Celebrated filmmaker Arthur Penn, best known for his watershed 1967 film Bonnie and Clyde, died on Tuesday night at the age of 88. Here’s the trailer for Penn’s magnum opus:
In addition to his film direction, Penn was a pioneer of live television drama and directed a number of works for the stage, including The Miracle Worker with Anne Bancroft and Patty Duke. But he made his mark outside of the entertainment world as well, advising then-Senator John F. Kennedy during his televised debates with Richard Nixon in 1960. Penn directed the broadcast of the third debate. Dave Kehr of The New York Times writes that Penn instructed Kennedy to “look directly into the lens of the camera and keep his responses brief and pithy”—a strategy that allowed JFK to project an air of confidence that Nixon couldn’t muster.

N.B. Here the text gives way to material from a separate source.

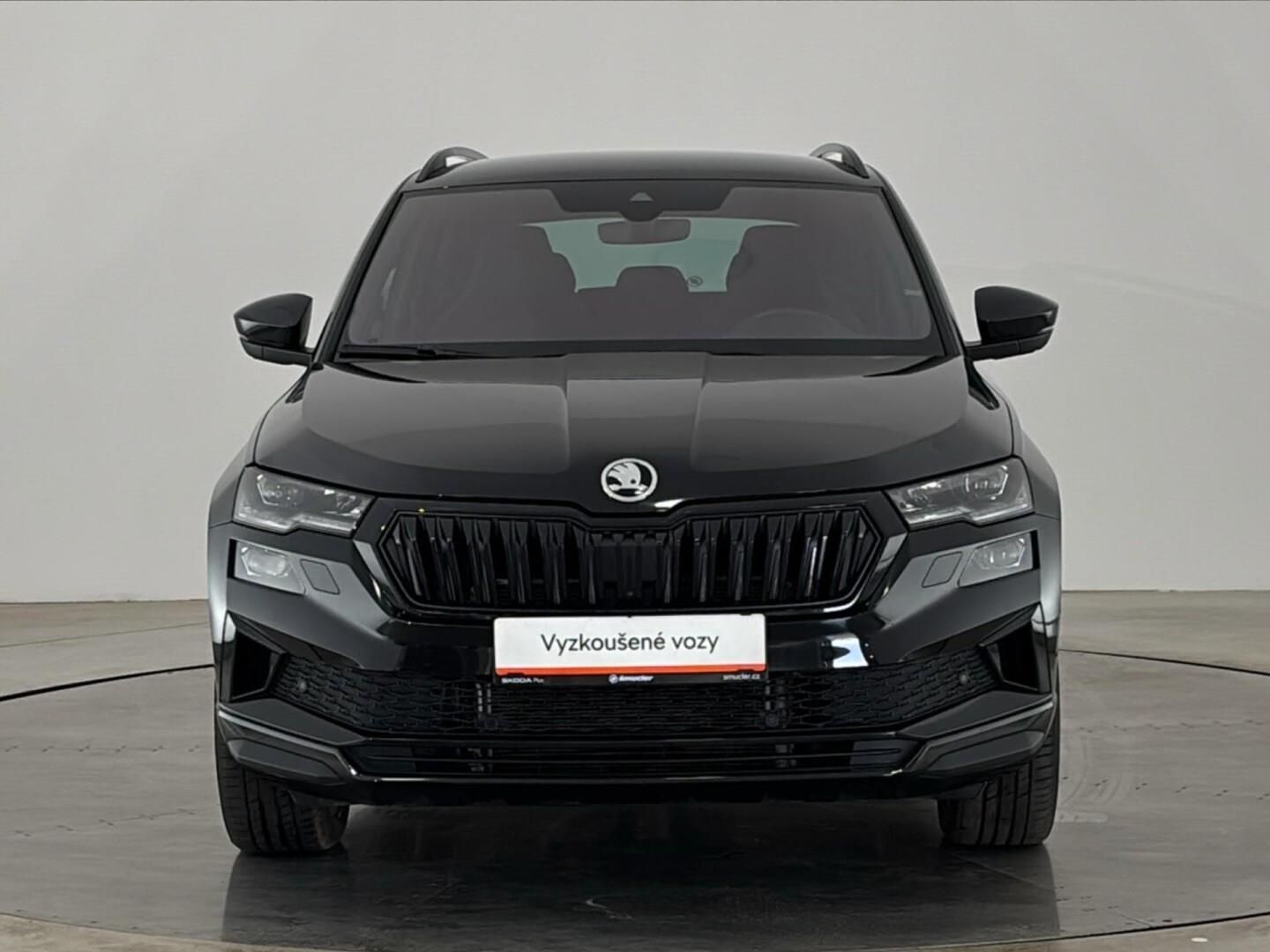 Škoda Karoq, 1.5 TSI / 110 kW Sportline - fotka 4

Of Bonnie and Clyde, Kehr says:
In Mr. Penn’s hands, it became something even more dangerous and innovative — a sympathetic portrait of two barely articulate criminals, played by Mr. [Warren] Beatty and a newcomer, Faye Dunaway, that disconcertingly mixed sex, violence and hayseed comedy . . . Not only was the film sexually explicit in ways unseen in Hollywood since the imposition of the Production Code in 1934 — when Bonnie stroked Clyde’s gun, the symbolism was unmistakable — it was violent in ways that had never been seen before. Audiences gasped when a comic bank robbery climaxed with Clyde’s shooting a bank teller in the face with a shotgun, and were stunned when this attractive outlaw couple died in a torrent of bullets, their bodies twitching in slow motion as their clothes turned red with blood.

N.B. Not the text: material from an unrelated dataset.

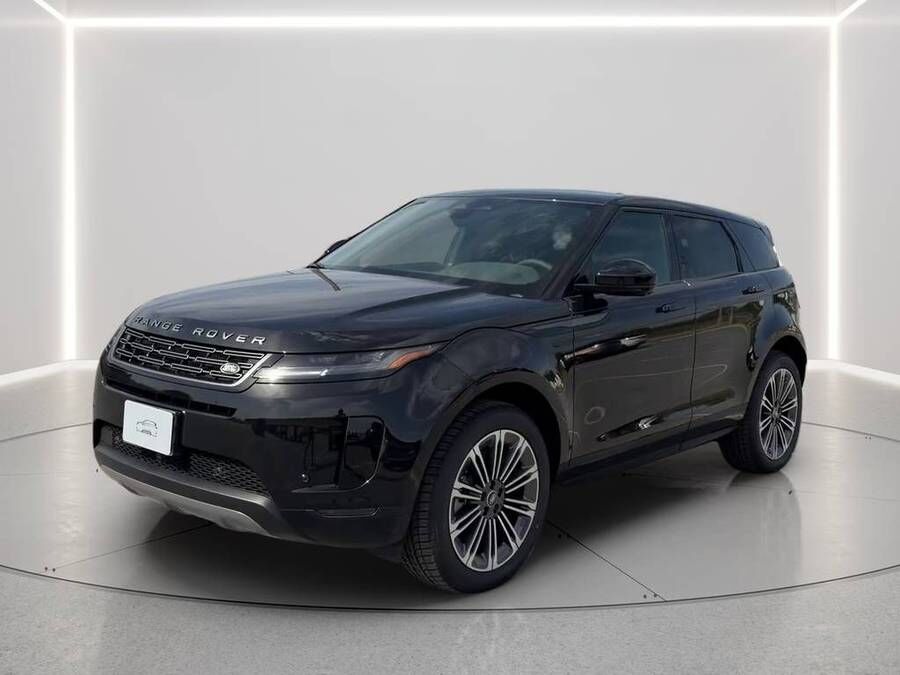2026 LAND ROVER Range Rover Evoque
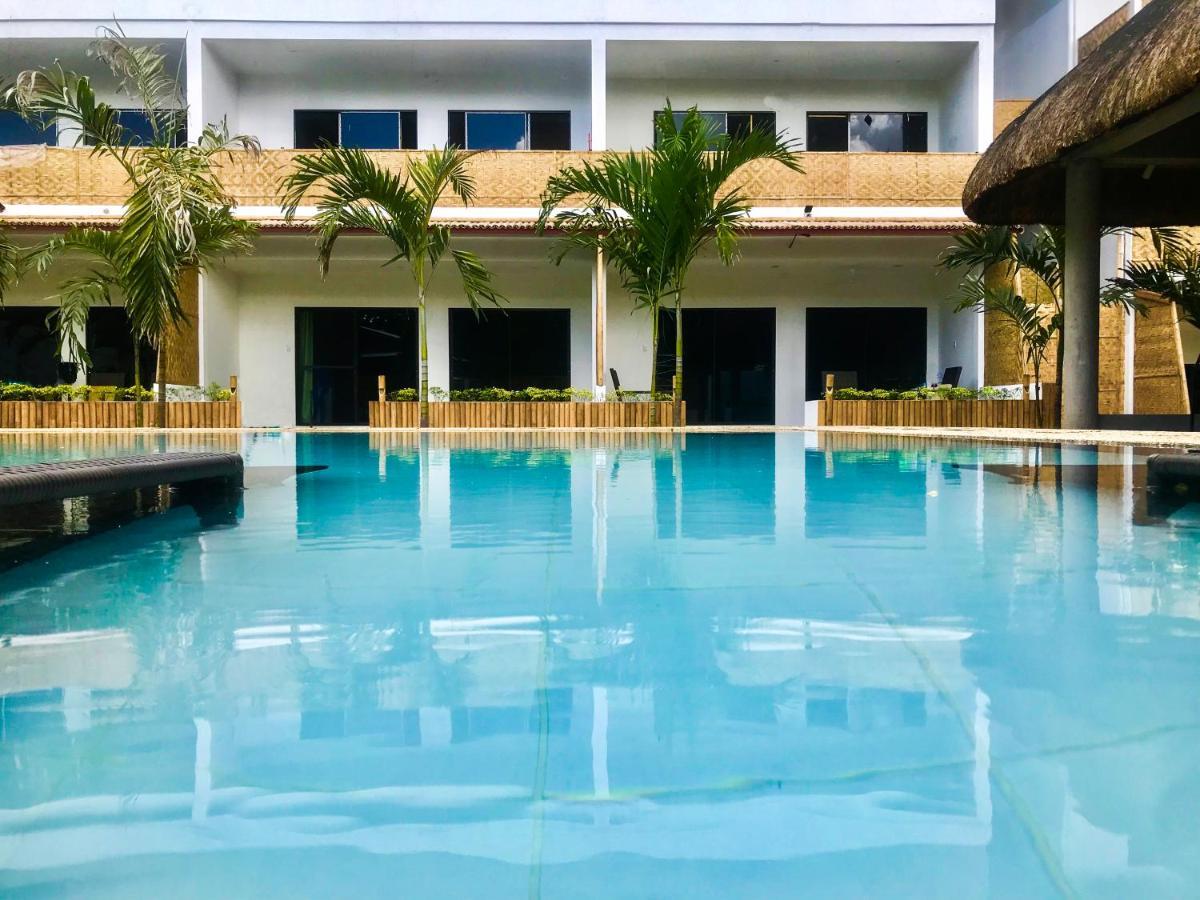Hotel Panglao Bamboo Oasis Exteriér fotografie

It’s still stunning, particularly given the unfrenzied pace of the scenes that directly precede it. Even though you know these two had it coming, you’re still somehow caught unaware when it comes. The movie’s bullet-ridden, kinetic sexiness presented a startlingly simple formula for instant success.
But what gives the movie its lasting appeal is its glorification of the anti-hero. Bonnie and Clyde blaze through the movie kiilling people and taking their money, with no regrets. They laid the cinematic groundword for the hippy bikers of Easy Rider, Travis Bickle of Taxi Driver, One Flew Over the Cuckoo’s Nest‘s Randall Patrick McMurphy, and others. Tony Soprano, Al Swearengen, Omar Little, and Walter White—Bonnie and Clyde’s influence on the TV renaissance of the late-1990s and 2000s is unmistakable. Our small-screen antiheroes make ugliness something to celebrate rather than shame. It’s the same thoroughly modern idea that Penn blasted across the screen in 1967.